This invention relates to a system and method of providing an adaptive feedrate control in NC (numerical control) machine, such as end milling, using a solid modeling based simulation of the machining process.
End mills are widely used to machine complicated parts in the aerospace and mold/die industries, yet it is somewhat difficult to achieve high productivity in end milling. Machining intricate details on parts often calls for slender cutters of low rigidity, and the cutting forces in contouring can easily exceed the limit of the cutter. For instance, the resultant force can increase by more than a factor of ten in a simple cornering cut; such a critical region causes excessive tool deflection and tool breakage. The variation in cutting force is due to the variation of metal removal rate. Frequently the geometry of the part prevents constant radial and axial depths of cut. Consequently, feed per teeth recommended assuming a constant depth of cut does not perform satisfactorily and must be adjusted. Finding out the problem areas and applying proper feedrates, if done by the part progammer, is labor intensive. Sometimes a conservative feedrate override is applied to prevent tool breakage at the expense of under-utilizing the machine capability and reducing productivity.
Up to the present, hardware adaptive controllers have been devised to improve the productivity for limited operations; one has a force sensor to measure cutting force. The controller and sensors have to be installed on the NC machine tool. Such hardware is inflexible in handling diferent situations of tooling, material and set-up, because it does not have the ability to interface with CAD/CAM systems and to configure itself for different operations. In addition, systems operating in real time cannot look ahead.
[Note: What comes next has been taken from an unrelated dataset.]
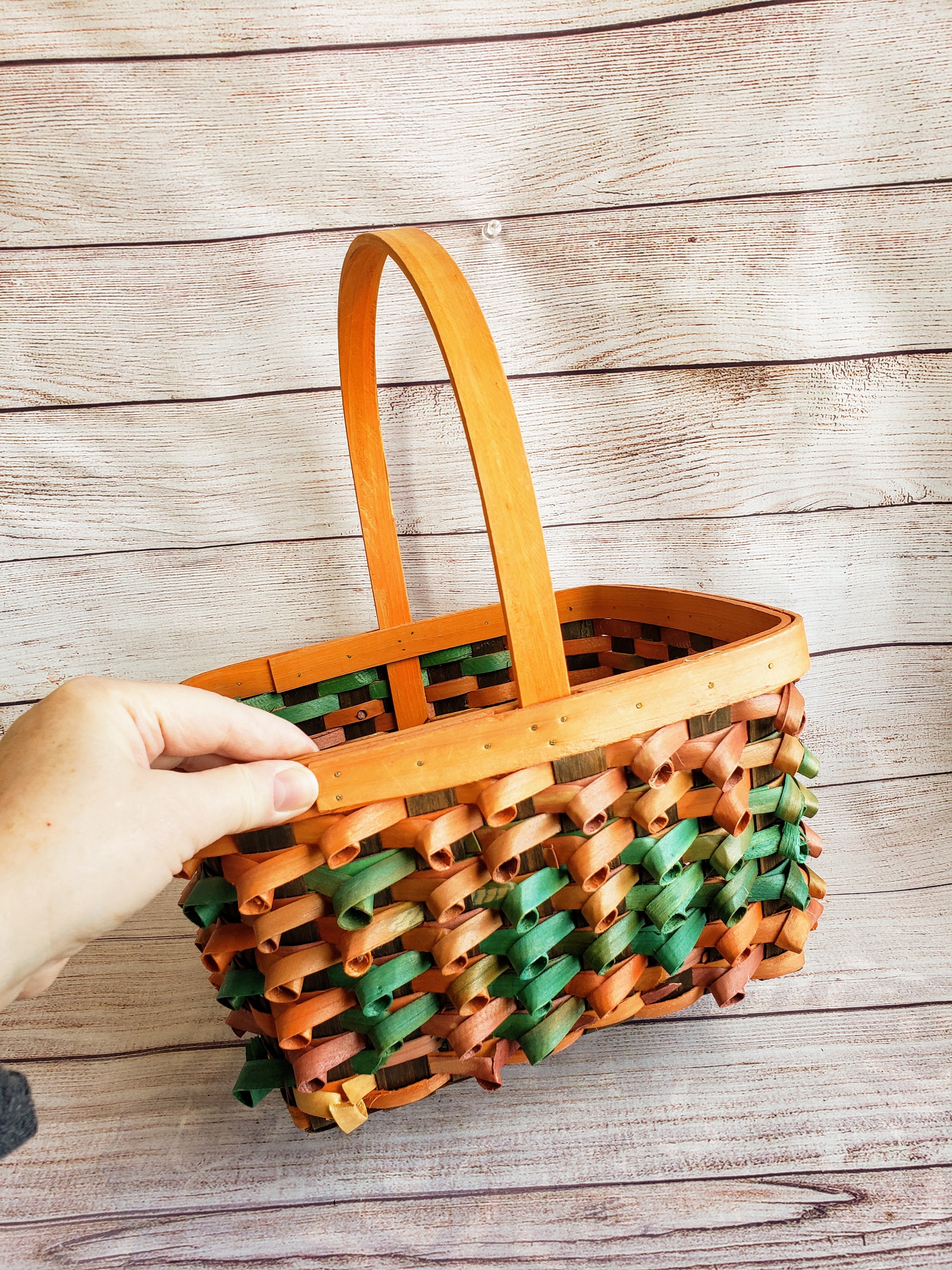 Unique Vintage Wicker Basket w/Handle Orange Green Brown Etsy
Recently, a solid modeling system which can simulate end milling in real time has been developed and is called NCS. With the NC program as an input, it continuously models the in-process workpiece geometry as a solid. This is described in the inventor's Ph.D. Thesis, "Solid Geometric Modeling for Mold Design and Manufacturing", Cornell Univ., 1984 (TIS Report No. 84CRD122, May 1984, General Electric Co. is the same); and in the published paper authored with K. K. Wang, "Geometric Modeling for Swept Volume of Moving Solids", IEEE CG&A, December 1986, pp. 8-17, the disclosure of which is incorporated herein by reference.